Angelo Guerra Netto, sócio fundador da EXM Partners, também relata um forte aumento no volume de procura da consultoria por parte de empresas endividadas neste início de ano.

“Está muito alta a procura. E a recuperação judicial é o meio mais buscado pelas empresas. Se o ritmo se mantiver como o observado neste início de ano, é possível que alcancemos os níveis de pedidos de recuperação judicial vistos na crise de 2015”, afirma.

O especialista também nota forte elevação na procura por reestruturação de dívida por parte de empresas do agronegócio. Além disso, ele cita o setor varejista entre os que estão com maior dificuldade de cumprir com seus compromissos.

“Parece óbvio. Mas o varejo ainda está gerando muita preocupação. Além do nível de endividamento dessas companhias, que está muito alto, há bastante incerteza com relação aos números reportados, se estão corretos mesmo, depois do caso da Americanas.”

Carlos Antonio Rocca, do Cemec-Fipe, diz que esse cenário é consequência do aumento da tomada de crédito pelas empresas entre 2020 e 2021, em um período de juros muito baixos e crescimento da receita, o que fez com que as companhias aumentassem os investimentos em um movimento de expansão.

Mas, depois, essas companhias foram pegas de surpresa com uma alta abrupta da Selic, bem em um momento de queda nos preços de commodities, o que afetou o lucro bruto das empresas. Essa situação, somada à redução na taxa de desemprego e crescimento da massa salarial, pressionou as margens das empresas.

Para piorar a situação, houve uma redução forte na tomada de crédito em 2022, devido aos juros altos, algo que foi agravado ainda mais com a crise da Americanas (deflagrada em janeiro de 2023), que causou uma turbulência momentânea na oferta de crédito. Isso levou a uma queda nas captações e prejudicou ainda mais as empresas, que passaram a ter dificuldade até mesmo para rolar dívidas.

Mas Rocca ressalta que essa questão da captação de dívida já está superada. “O mercado de capital serviu para moderar a queda do crédito bancário”, diz. “Definitivamente esse problema do crédito ficou para trás”, completa.
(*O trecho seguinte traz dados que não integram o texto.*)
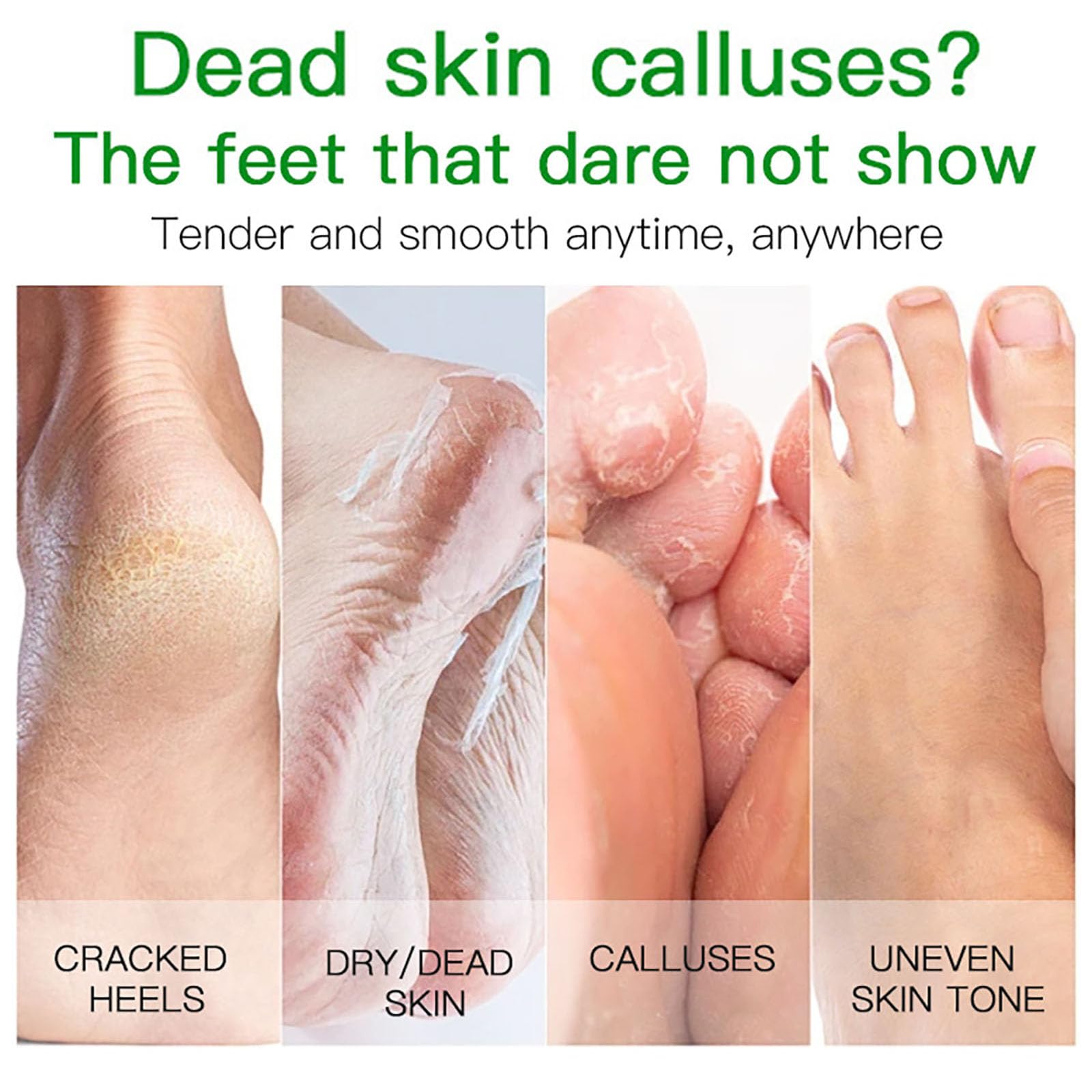 3 works Foot Peel Mask, Aloe Vera Exfoliating Foot Peel Mask, Foot Mask Peel for Dry Cracked Heels & Calluses - Image 2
Esse fator positivo se soma à redução dos custos de financiamento, conforme continuam os cortes da Selic. Segundo o especialista, o cenário traz uma perspectiva de melhora do endividamento das empresas nos próximos meses.

Além disso, apesar de ainda em nível elevado, a taxa de companhias que não estão conseguindo gerar caixa suficiente para cobrir suas despesas financeiras recuou nos últimos trimestres.

“A análise da evolução do índice de cobertura das despesas financeiras das empresas abertas até o terceiro trimestre de 2023 reforça essa hipótese. São identificados sinais de recuperação da geração de caixa e redução da taxa de crescimento das despesas financeiras, movimentos que deverão ser reforçados nos próximos meses”, diz o estudo.

“Já se observa o movimento de reversão da deflação observada há vários meses dos preços de venda da maioria dos setores, com impactos favoráveis sobre receita e vendas e margens de geração de caixa das empresas”.

Rocca ressalta, contudo, que o nível de pedidos de recuperação judicial ainda deve se manter em elevação ainda nos próximos meses, mesmo com a queda da inadimplência.

Acontece que os pedidos de RJ são o último recurso a que as empresas recorrem quando não conseguem pagar suas dívidas. Elas são, portanto, reflexo de dados retroativos e estão sempre defasados, em cerca de três a quatro meses, com relação às taxas de inadimplência.